In the largest series of EGFRex20ins NSCLC, diverse EGFRex20ins were detected in 12% of EGFR-mutant NSCLC, a higher frequency than previously reported in smaller single-institution studies. Clinical outcomes showed lack of response to EGFR TKIs. Tumor mutational burden was low, consistent with non-smoking associated NSCLC. Comprehensive sequencing revealed increased proportion and wide variety of EGFRex20ins, representing a population of patients significant enough for focused efforts on effective interventions.
EGFR 外显子 20 插入(EGFRex20ins)是 EGFR 激活改变的一个不常见亚组,对第一代和第二代 EGFR 酪氨酸激酶抑制剂(TKIs)相对不敏感。然而,最近的早期临床数据表明,这些患者可能受益于新一代的 EGFR-TKIs。综合基因组分析(CGP)可识别非小细胞肺癌(NSCLC)中广泛存在的 EGFRex20ins 及其相关的共发生基因组改变(GA)。

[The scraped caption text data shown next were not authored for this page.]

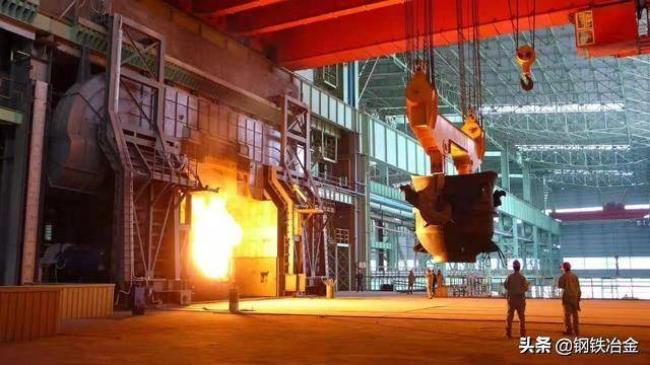 中国钢铁生产史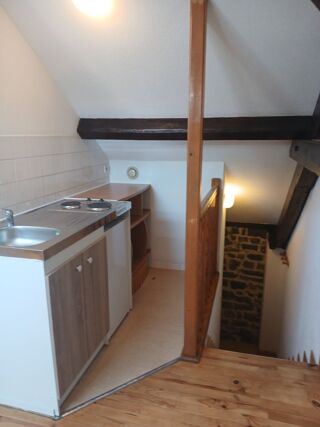  Appartement à louer 1 pièce 14 m²
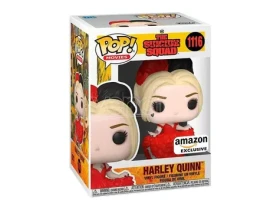 Funko POP! The Suicide Squad: Harley Quinn (DC) Amazon Exclusive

对 14483 例临床注释的连续 NSCLC 标本进行基于杂交捕获的 CGP,平均覆盖深度大于 650X,用于 236 或 315 个与癌症相关的基因。
在 14483 例 NSCLC 病例中,CGP 鉴定出 263 例(1.8%) EGFRex20ins 病例,占 EGFR 突变病例的 12%(263 例中的 2251 例)。鉴定出 64 种独特的 EGFRex20ins,最常见的是 D770_N771>ASVDN(21%)和 N771_P772>SVDNP(20%)。EGFR 扩增发生在 22%(57 例中的 263 例)。最常见的共发生 GA 影响肿瘤蛋白 p53(TP53)(56%)、细胞周期蛋白依赖性激酶抑制剂 2A(CDKN2A)(22%)、细胞周期蛋白依赖性激酶抑制剂 2B(CDKN2B)(16%)、NK2 同源盒 1(NKX2-1)(14%)和 RB 转录核心抑制因子 1(RB1)(11%);其他已知的肺癌驱动基因的共发生 GA 很少(5%)。平均肿瘤突变负担较低(平均 4.3,范围 0 至 40.3 个突变/Mb)。获得了 5 例患者接受第一代和第二代 EGFR TKI 治疗的临床结果,均无应答。
在最大的 EGFRex20ins NSCLC 系列中,在 12%的 EGFR 突变 NSCLC 中检测到不同的 EGFRex20ins,这一频率高于以前在较小的单机构研究中报道的频率。临床结果显示对 EGFR TKI 无反应。肿瘤突变负担较低,与非吸烟相关的 NSCLC 一致。综合测序显示 EGFRex20ins 的比例和种类增加,代表了一个足够大的患者群体,需要集中精力进行有效的干预。